Grande-Bretagne: Brown forme un nouveau gouvernement
comprenant des libéraux, des ex-conservateurs, des personnalités du monde militaire,
de la police et du monde des affaires
La première démarche entreprise par Gordon Brown en tant que
nouveau premier ministre britannique, en l’occurrence le remaniement de
son gouvernement, lui a valu les accolades de l’establishment
politique et des médias.
Onze des 22 membres sortants du gouvernement de Tony Blair
ont été remplacés dans le remaniement du gouvernement travailliste.

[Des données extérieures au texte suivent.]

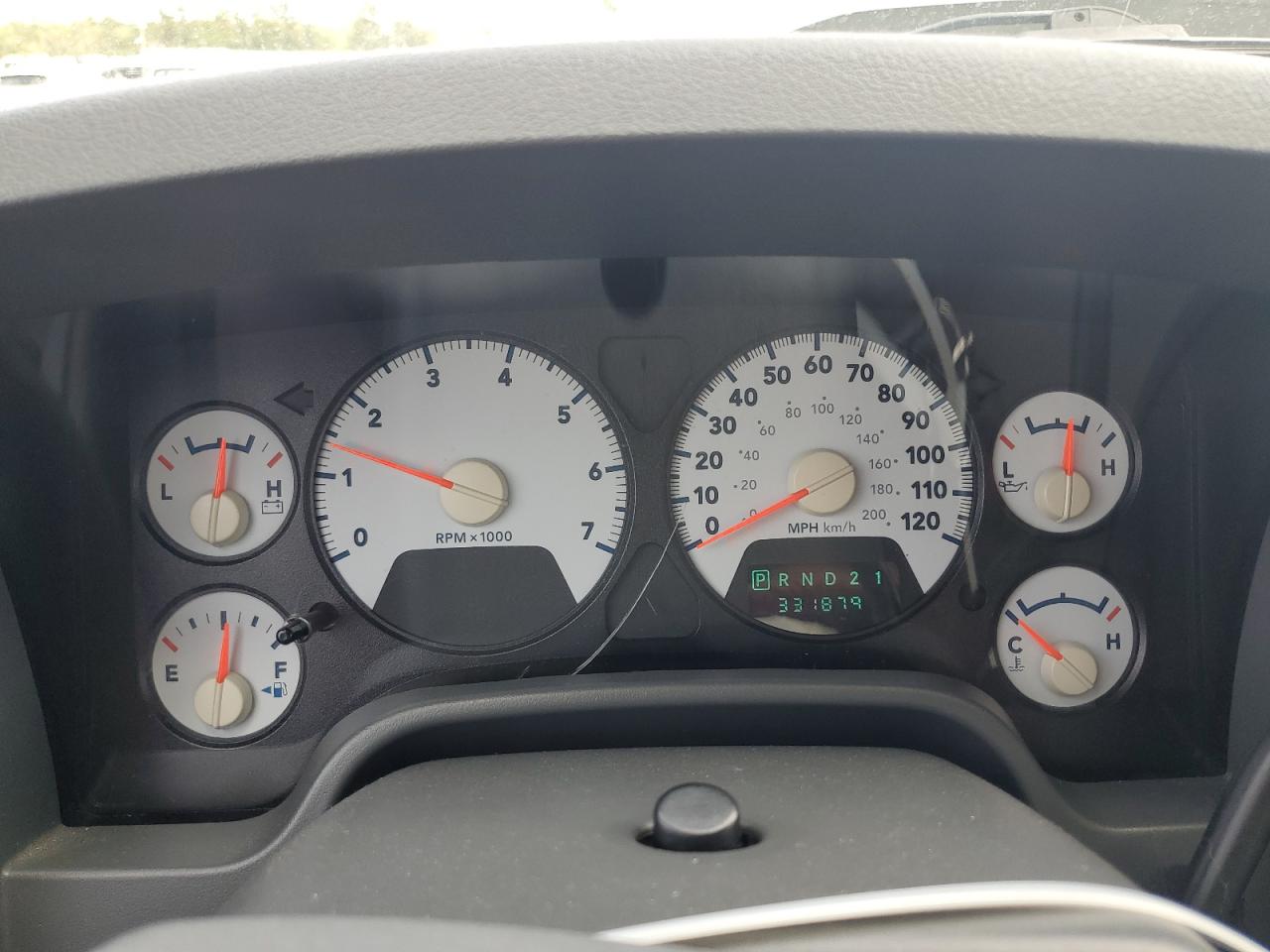 2008 Dodge Ram 1500 St VIN: 1D7HA18N48S537627 Lot: 84607455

Les
commentateurs politiques ont tiré un parallèle avec le président français,
Nicolas Sarkozy, du fait que Brown ait nommé pour la première fois une femme au
poste de ministre de l’Intérieur ainsi qu’un musulman au
gouvernement qui comprend des libéraux et des conservateurs.
L’on affirme que Brown a agi ainsi dans le but de
rompre avec « la vieille politique » et de tenir sa promesse initiale
d’utiliser le vaste espace du « terrain commun » de la
politique britannique afin de créer un gouvernement indépendamment des « sigles
des partis ». Le Parti travailliste, tout comme les médias, a acclamé le
remaniement ministériel comme étant un effort pour tirer un trait sur l’ère
Blair. Le fait que Brown envisage d’éventuelles réformes constitutionnelles,
y compris la création d’un jury citoyen, a incité Jackie Ashley du Guardian
a déclaré avec enthousiasme, dans une analogie avec la révolution anglaise, que
« les têtes rondes avaient pris le relais des royalistes » et
qu’« enfin la direction du Labour "renouait" avec le parti. »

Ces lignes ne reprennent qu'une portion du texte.